Artist/personality
Jean Dubuffet
Peintre, Sculpteur

Jean Dubuffet
Peintre, Sculpteur
Nationalité française
Birth: 1901, Le Havre (Seine-Maritime, France)
Death: 1985, Paris (France)
© Adagp, Paris
Biography
Painter, sculptor, musician, architect, poet and theorist, Jean Dubuffet was a multidisciplinary artist, who spanned the 1950s to 1980s while remaining loyal to absolute freedom in his entire body of work and standing out from all the avant-garde movements of his time. He used every possible technique and approach to rejuvenate academic culture. He is remembered as the father of Art Brut, an artistic movement that promotes free expression. His art is characterised by a desire to radically change the rules and eliminate all constraints restricting modern art.
Jean Dubuffet was born to a bourgeois family in 1901. Very early on, he lost interest in school, preferring to devote himself to drawing. He studied at École des Beaux-Arts du Havre, his birth city, and completed his training with artist Hélène Guinepied. From these classes, Dubuffet retained the Helguy method, which promotes free expression and a high level of creativity. After a brief stint at the Académie Jullian, Dubuffet created his studio in Paris.

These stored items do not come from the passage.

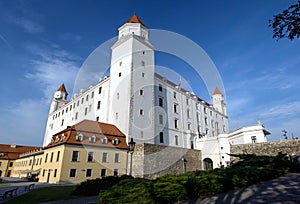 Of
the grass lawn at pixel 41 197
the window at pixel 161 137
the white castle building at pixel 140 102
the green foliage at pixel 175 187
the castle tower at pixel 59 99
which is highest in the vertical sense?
the castle tower at pixel 59 99

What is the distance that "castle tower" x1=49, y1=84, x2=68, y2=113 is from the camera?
52.9 meters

He painted alone and spent time with Suzanne Valadon and Max Jacob. He met André Masson, Fernand Léger and Juan Gris.
From the end of World War I through to 1931, Dubuffet stopped painting almost altogether, taking over the family wine merchant business. Disappointed by the propositions of his contemporaries and aware that an upheaval was underway in Western painting, he sought a path that could satisfy him.
When World War II broke out, Dubuffet was drafted in Paris, then sent to Rochefort for lack of discipline, before being released. In 1942, he returned to painting definitively. In his series of gouaches of the Paris Metro , he sought to paint with veracity. He opted for a clumsy line and a naive, childlike drawing style.

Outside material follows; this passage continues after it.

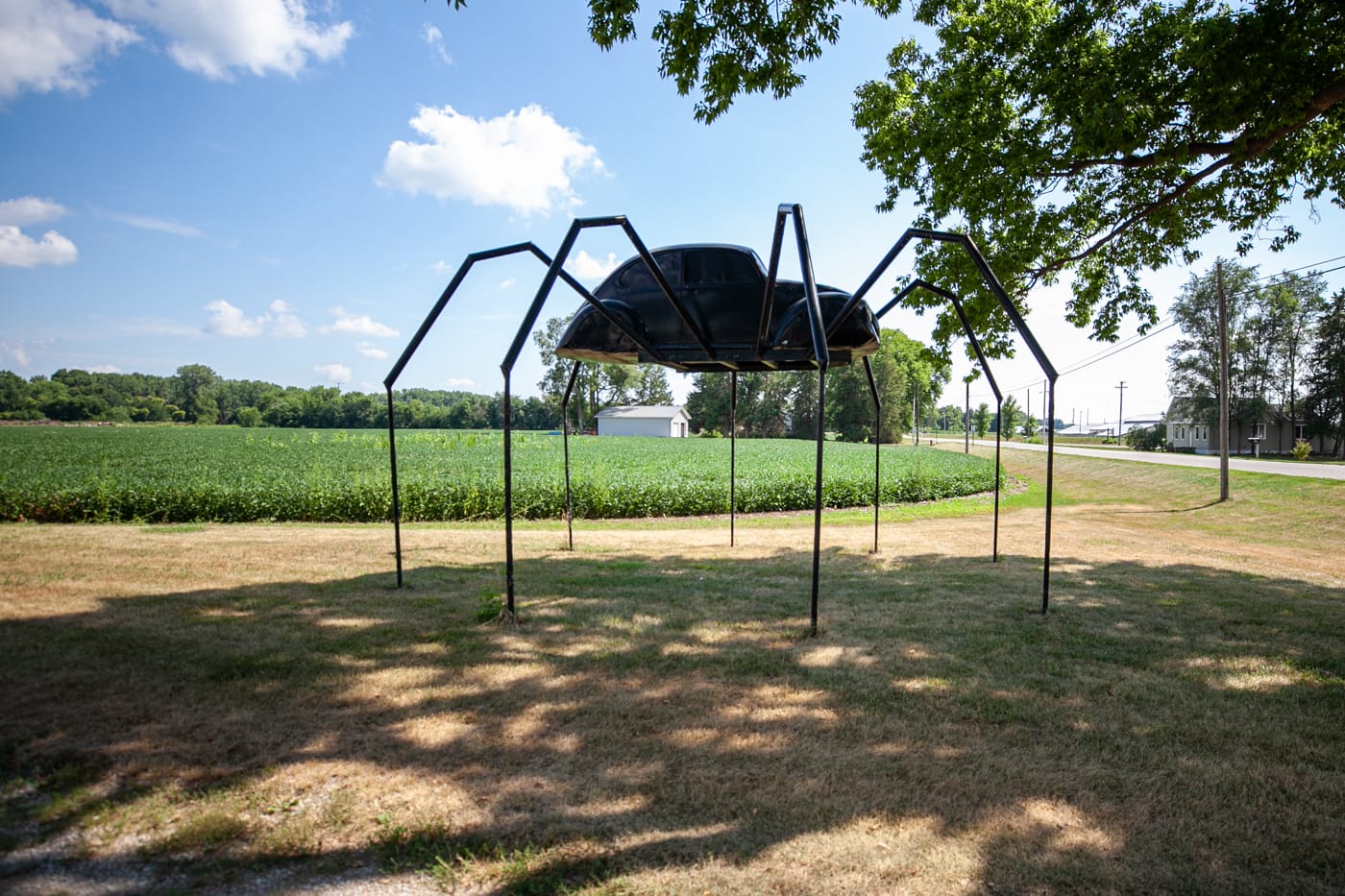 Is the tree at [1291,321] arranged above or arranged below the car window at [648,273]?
above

In 1944, he presented his first solo exhibition at Galerie René Drouin. The general public were dubious of Dubuffet’s wild lines, but connoisseurs were convinced. With his matterist and informal works, he transgressed all the established artistic and aesthetic norms, profoundly reinventing figurative vocabulary. From this exhibition onwards, Dubuffet marked his disapproval for academic culture. He opened the door for an approach to creation that aimed to liberate art from the "asphyxiating culture" (the title of an essay he wrote in 1968). He named a movement that would bring him great renown, "Art Brut". Art Brut is characterised by a desire to pay no heed to academic codes, to no longer be burdened by artistic references. This movement preaches spontaneity, to the detriment of any form of academicism. Materials become rough, forms abrupt.

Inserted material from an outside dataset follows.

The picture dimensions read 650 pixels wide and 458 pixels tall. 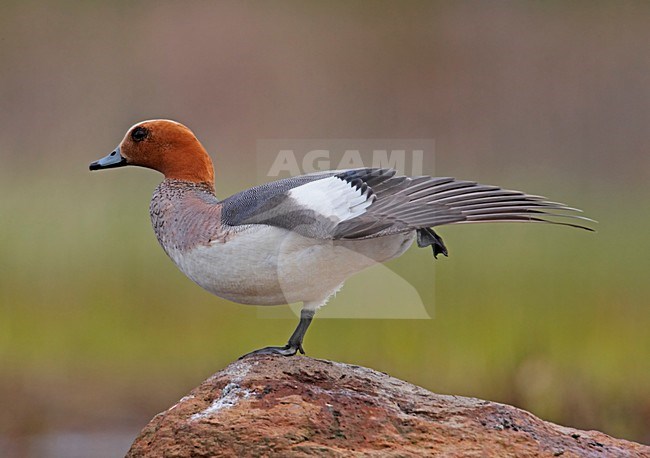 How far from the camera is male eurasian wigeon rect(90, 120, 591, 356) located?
167cm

Dubuffet never stopped challenging classical representation. He developed an interest in portraits, putting forward a raw version and focusing more on the materials used than the subject represented. He replicated these experiments in his work on grotesque female bodies throughout the 1950s. Similarly, Dubuffet was highly interested in a wide range of materials: sand, gravel, asphalt, plaster, hemp, fragments of coloured or mirrored glass, house paint, outdoor paint, cob, and so on. He then used various tools such as trowels, tablespoons, scrapers, knifes, wire brushes and his fingers.
From the 1950s onwards, Dubuffet also became interested in monumental works and outdoor installations. With his Jardin d’Hiver (Winter Garden), he created a three-dimensional work that visitors could enter. Inside, the twisting lines show the artist’s desire to cheat with the truth.
The Museum of Modern Art in New York dedicated a retrospective to him from February to April in 1962. He died in 1985. Recognised as one of the pioneers of Art Brut, Dubuffet marked his era through his constant desire to destroy cultural codes, which he deemed outdated.